そこで、私は一歩前に出た。眞白様の隣で、麗華と鷹臣を真っ直ぐに見据える。

「デタラメではありません、五条様」
私の凛とした声が、静まり返った会場に響く。

「私の異能は、心音を、魂の本音を翻訳すること。……今、お二人の胸の奥からは、『黒蛇の幹部から受け取った口止め料の金の隠し場所』と、『閣下を騙して特務軍を乗っ取る計画』が、あまりにも醜い音を立てて響いています。……これでも、まだデタラメだと仰いますか?」

「ひっ……!? な、何でお前がそれを……っ!」
麗華が恐怖に顔を歪め、ガタガタと震え出した。

私の言葉には、一切の嘘がない。なぜなら、私の隣に立つ眞白様の頭上の煙が、私の言葉を100%の真実として、神々しい金色の光で全肯定しているからだ。
嘘をつけない総帥の煙が「真実」と示す以上、私の告発は、この国の法において絶対的な決定打となる。

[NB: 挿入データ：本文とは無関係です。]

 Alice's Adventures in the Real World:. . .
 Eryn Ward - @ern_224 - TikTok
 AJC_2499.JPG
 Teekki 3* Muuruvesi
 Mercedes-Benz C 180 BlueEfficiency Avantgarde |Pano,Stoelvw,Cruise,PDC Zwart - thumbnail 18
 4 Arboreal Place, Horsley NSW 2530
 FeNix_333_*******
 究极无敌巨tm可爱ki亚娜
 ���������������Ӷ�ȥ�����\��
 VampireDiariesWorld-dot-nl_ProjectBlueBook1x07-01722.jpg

「五条家当主、並びにその妹を、国家反逆罪および機密漏洩の容疑で現行犯逮捕する」

控えていた特務軍の精鋭たちが一斉に踏み込み、言い訳すら許されずに鷹臣と麗華は組み伏せられ、会場から引きずり出されていった。彼らの頭上の黒煙は、完全に絶望の闇へと変わっていた。

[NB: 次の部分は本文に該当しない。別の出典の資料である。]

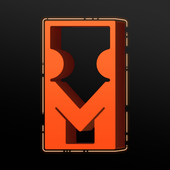 Евгений Зенченко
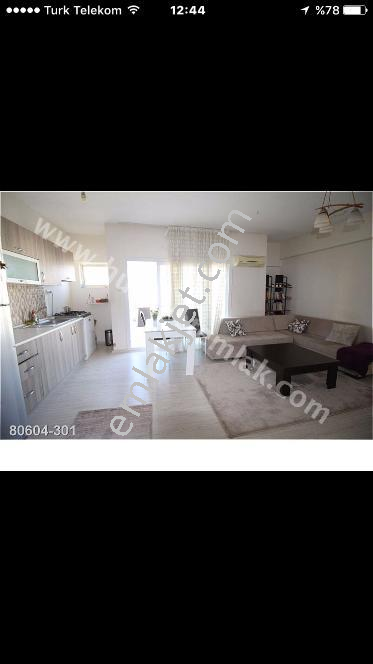 Denize 0 Yazlık Havuz Sosyal Tesis Kuzey Cephe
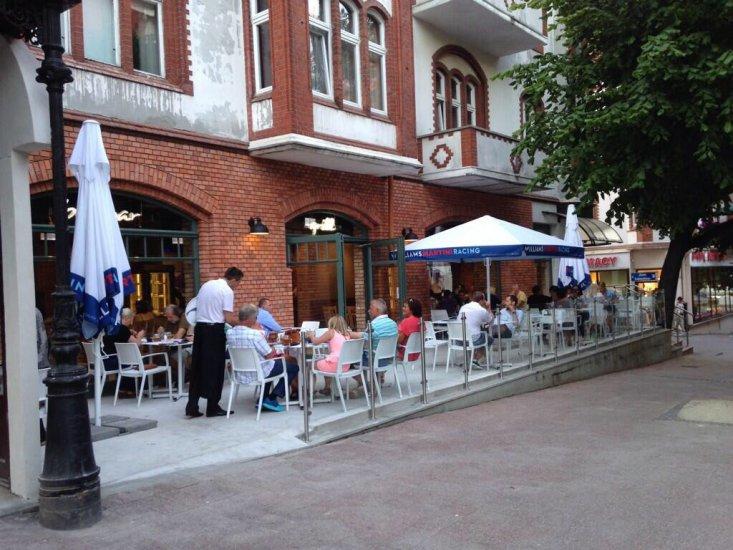 Browar Miejski Sopot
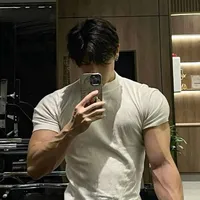 Andrew de luca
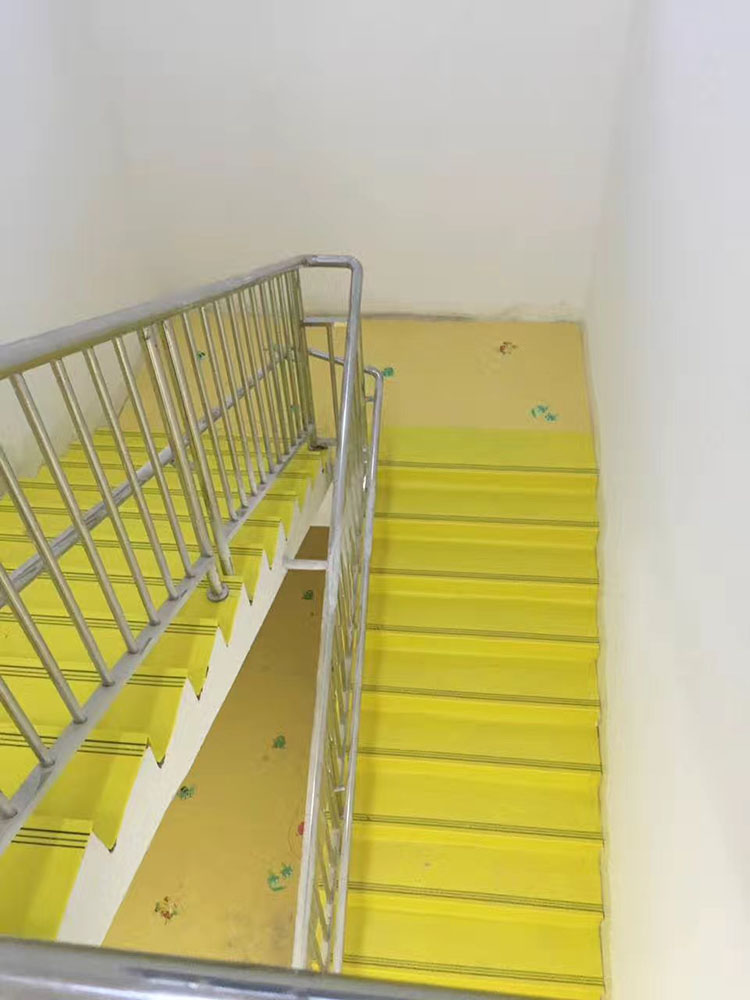 楼梯踏步工程案例 (3).jpg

周囲の貴族たちは、特務軍総帥夫婦の圧倒的な力と、一切の隙のない完璧な連携の前に、ただただ恐怖と敬意を込めて最敬礼を捧げることしかできなかった。

静寂が戻った会場で、眞白様はゆっくりと私の方を振り返った。
私を見る彼の瞳からは、先ほどまでの冷酷な光は綺麗に消え去り、そこにはただ、私の身を案じる優しい色だけがあった。

彼の頭上の煙は、先ほどまでの禍々しい紅蓮から、一転して、それはそれは綺麗な『超特濃の薔薇(ピンク)色』へと染まり、ゆったりと私の身体を包み込むように広がっていった。

『……見事だ、紬。私の最高の妻よ。お前自身の力で、あの強欲な狐どもを完全に論破してみせたな。……ああ、誇らしい。美しく、そして誰よりも勇敢な我が妻。今すぐこの場でお前を激しく抱き締め、その愛らしい唇に、勝利のキスを何度も何度も刻み込んでしまいたい。私の理性は、もう限界だ――』

(ええっ!? ここは夜会の中心ですよ、眞白様……っ!)

ノートには『素晴らしい対応だった、帰ったら褒美をあげよう』と爽やかに書かれているのに、頭上の煙の本音は、どこまでも甘く、危険な肉食獣のそれだった。
私たちの、周囲を震撼させる圧倒的なざまぁ&溺愛夜会は、ここからさらにその糖度を増していくのだった。